Your objective |
Write out the listing exactly, dropping any picture it contains.

[[ Data extract open ]]

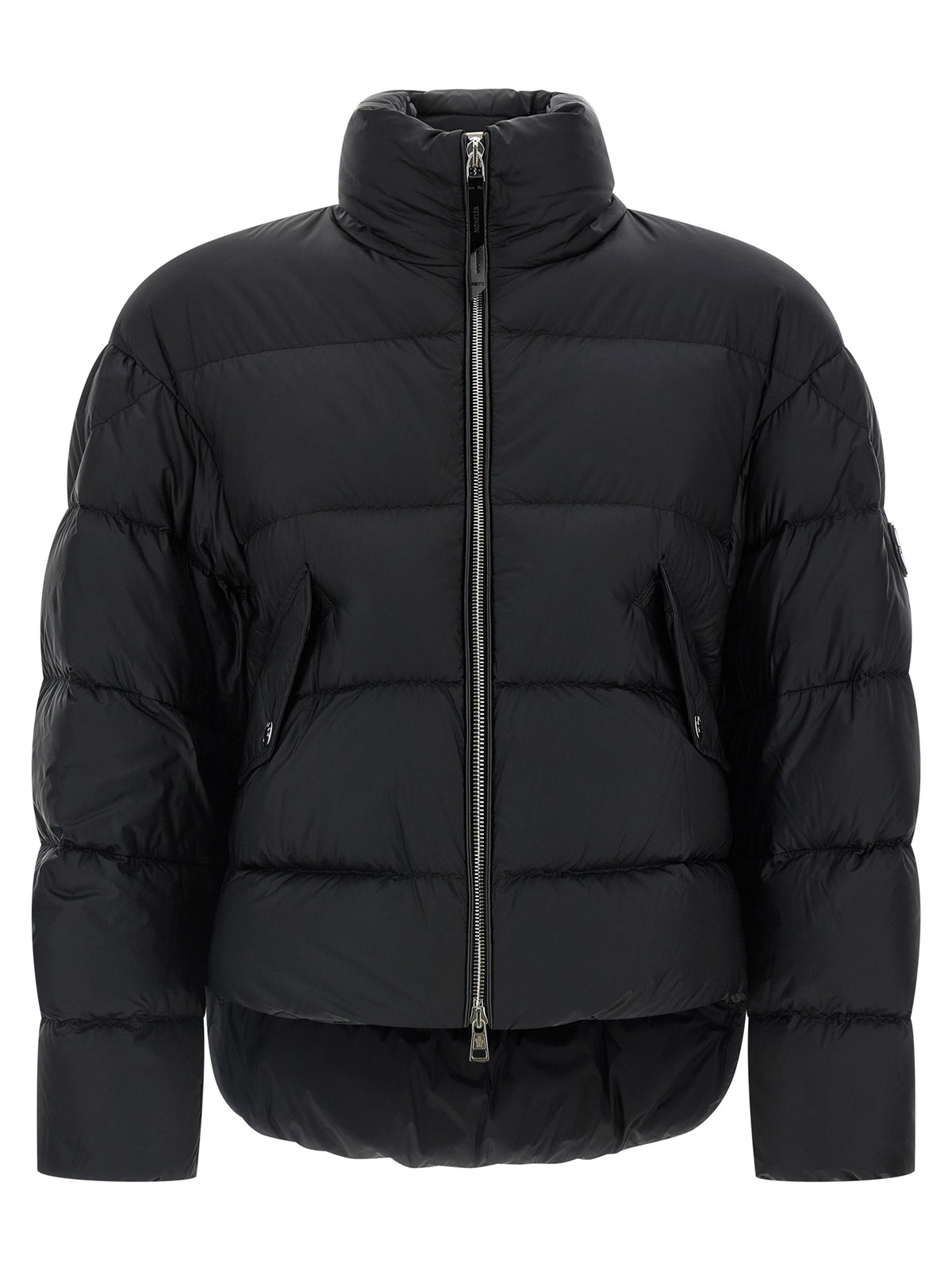 Moncler Moncler Genius Moncler X Edward Enninful 'Blas'ダウンジャケット - Image 2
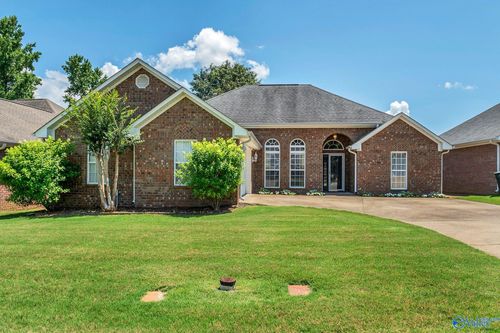 309 Dunolly Ln, Florence, AL, 35633-3951 | Card Image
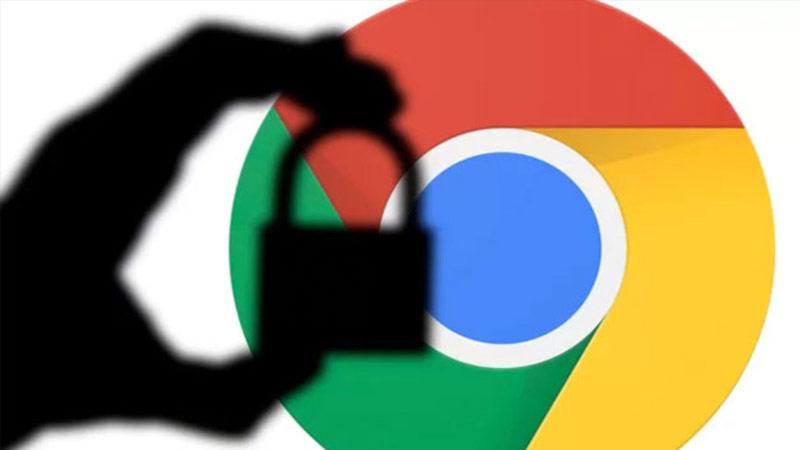 Google'dan Chrome kullanıcılarına uyarı: Kritik bir açık saptandı, tarayıcınızı güncelleyin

[[ Data extract closed ]]

Expected answer |
 Moncler Moncler Genius Moncler X Edward Enninful 'Blas'ダウンジャケット - Image 2
 309 Dunolly Ln, Florence, AL, 35633-3951 | Card Image
 Google'dan Chrome kullanıcılarına uyarı: Kritik bir açık saptandı, tarayıcınızı güncelleyin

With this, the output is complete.